Angleton first met Philby in 1944 when Angleton was a raw counter-intelligence officer in OSS (Office of Strategic Services), a gung-ho outfit under the command of General ‘Wild Bill’ Donovan, who thought that the way to win the war was with clandestine groups operating behind enemy lines, a sort of American SOE. Philby was the glamorous, experienced SIS officer. The two worked in the same building in London, and although at that stage they were not close friends, contact had been made – they were on the same side and shared the same aim, the defeat of Fascism. So after the war, when Philby, rising steadily in SIS, was posted to Washington, one of the first Americans he looked up was James Angleton, who was still, like Philby, in the spy business. Philby, after a spell running SIS’s Soviet desk and a tour of field duty in Turkey, was the new SIS liaison officer with the CIA and the FBI, a job that put him at the heart of Western intelligence. Angleton was executive assistant to ADSO (the assistant director of Special Operations) and it was his job to look after Philby and the representatives of other friendly foreign intelligence services. The two men now became close. They lunched together regularly, dined at each other’s houses, met with their families for celebrations such as Thanksgiving. Mrs Angleton remembers them as genuine friends and when I spoke about Angleton to Philby in Moscow in 1988 he agreed that this was so. But all the time Philby was remorselessly using Angleton as his unwitting conduit to the secrets of the CIA. Angleton introduced Philby around, opened doors for him, vouched for him: ‘This is my friend Kim. We knew each other in London.’
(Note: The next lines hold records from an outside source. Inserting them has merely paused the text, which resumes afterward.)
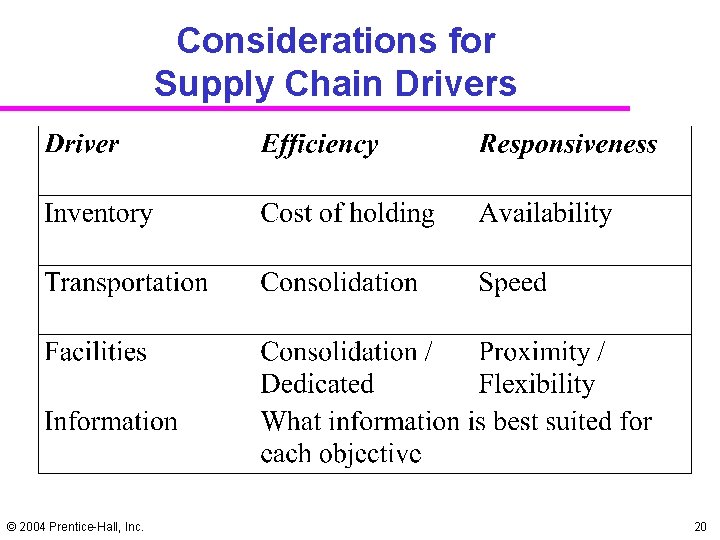 Considerations for Supply Chain Drivers © 2004 Prentice-Hall, Inc. 20 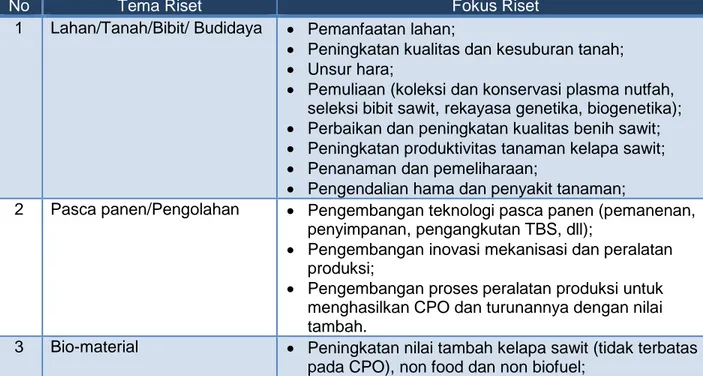 Tabel 1.  Tema dan Fokus Lomba Riset Sawit 
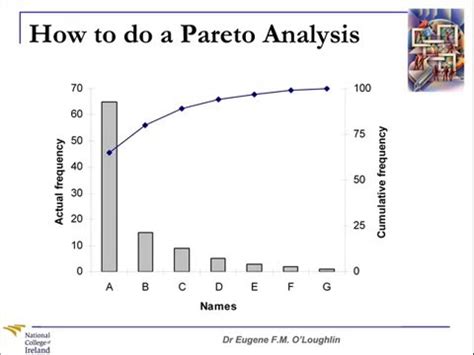 Imagine that you want to define where. Problem Solving Techniques #1: Pareto Analysis - YouTube
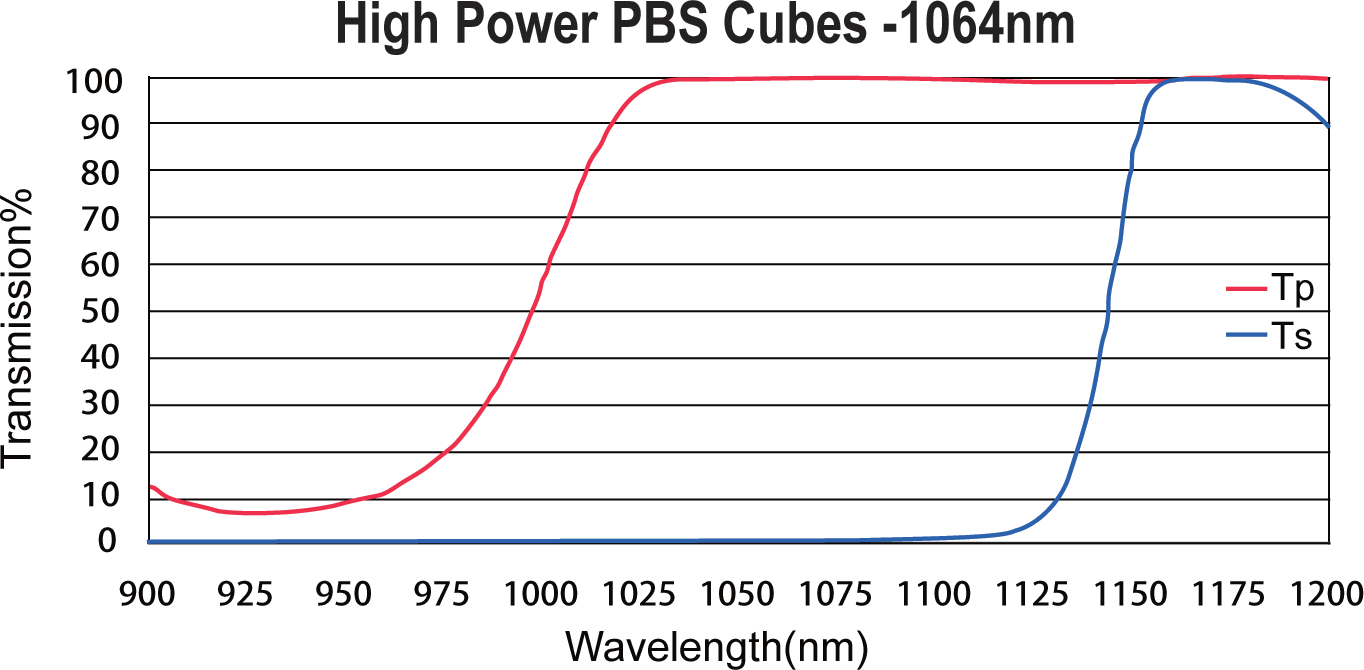 High Power Beamsplitter Cube Spectrum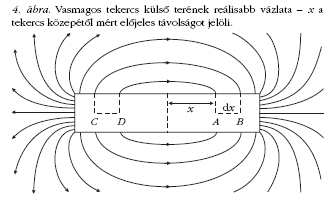 4. �bra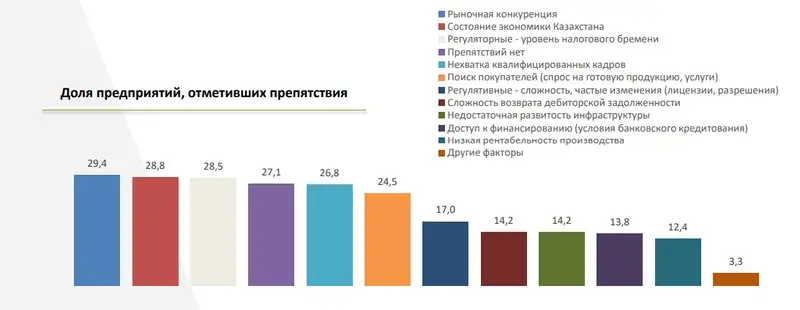 таблицы доходы, фото - Новости Zakon.kz от 18.11.2024 10:22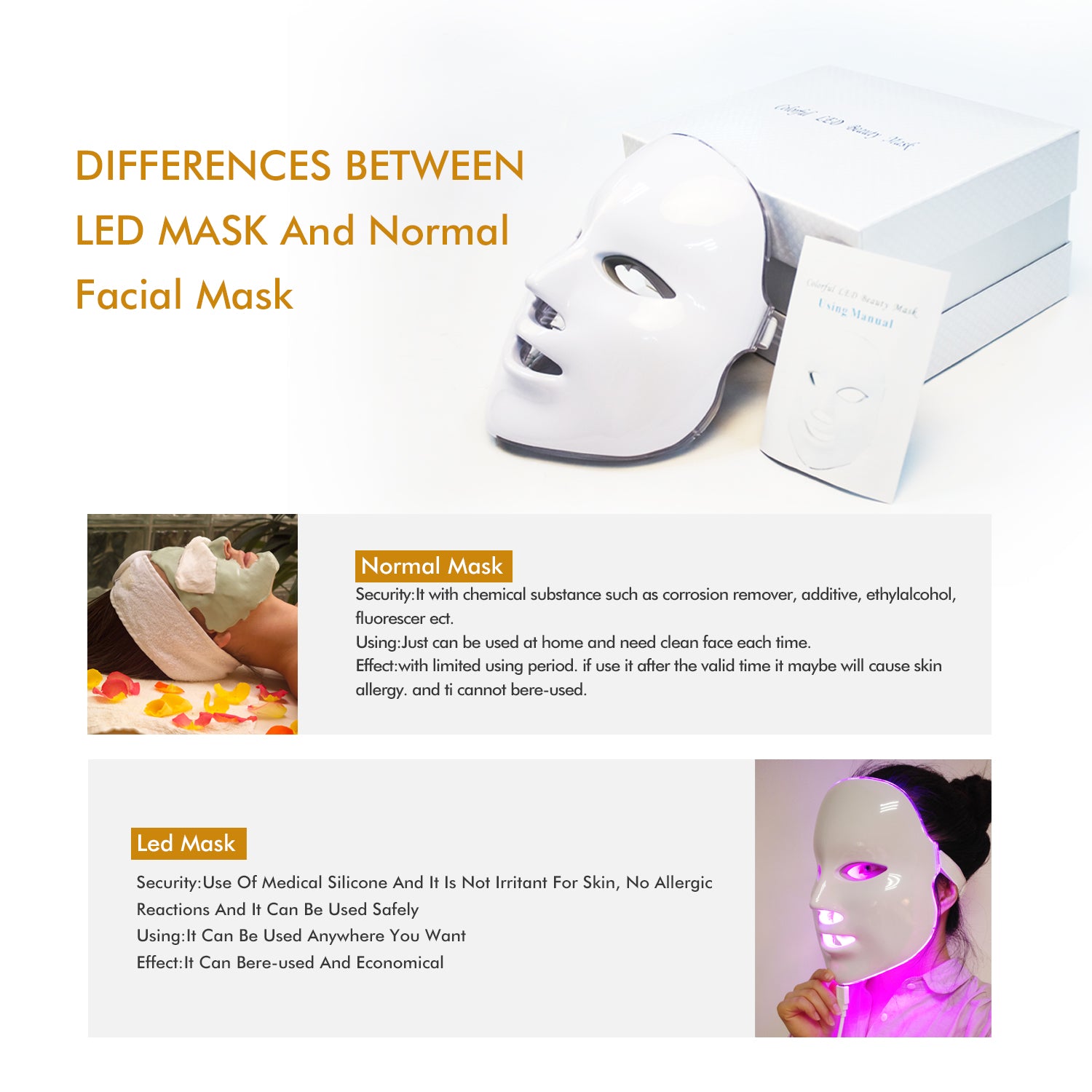 7 Colors LED Mask LED Light Photon Face Mask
When Burgess and Maclean fled to Moscow in May 1951 Philby came under suspicion by association. The reasoning was as follows: ‘Burgess is a Communist spy. He shared a house in Washington with Philby, the crack counter-intelligence officer. If Philby didn’t know, then he is a lousy counter-intelligence officer. If he did, then he is dirty too.’ Angleton would have none of this. He wrote a four-page memorandum to the CIA Director, General Walter Bedell Smith, defending Philby. Philby, Angleton said, had been duped by Burgess and knew nothing of Burgess’s work for the Soviets. He urged the Director to wait; his friend would soon be cleared. A year later, Angleton was still defending him. He told a US foreign service officer he met in Paris that Philby would one day be director-general of SIS.

It was not until 1963, when, with SIS and the CIA closing in on him, Philby fled to Moscow, that Angleton was forced to face the truth – Philby had betrayed him. His first reaction was to cover up. CIA regulations had required that after each official meeting with Philby in 1949-51 Angleton write up a record of what had been discussed. Angleton simply burned these records. But since he was now counter-intelligence chief of the CIA, he could not avoid a damage assessment on Philby. His 30-page report, according to CIA officers who read it, was poorly constructed and very uninformative – ‘an attempt to turn the spotlight away from Philby’. Yet to himself he was forced to admit that everything Philby had learnt about the CIA had come from the very officer whose job it was to protect that agency against this sort of penetration...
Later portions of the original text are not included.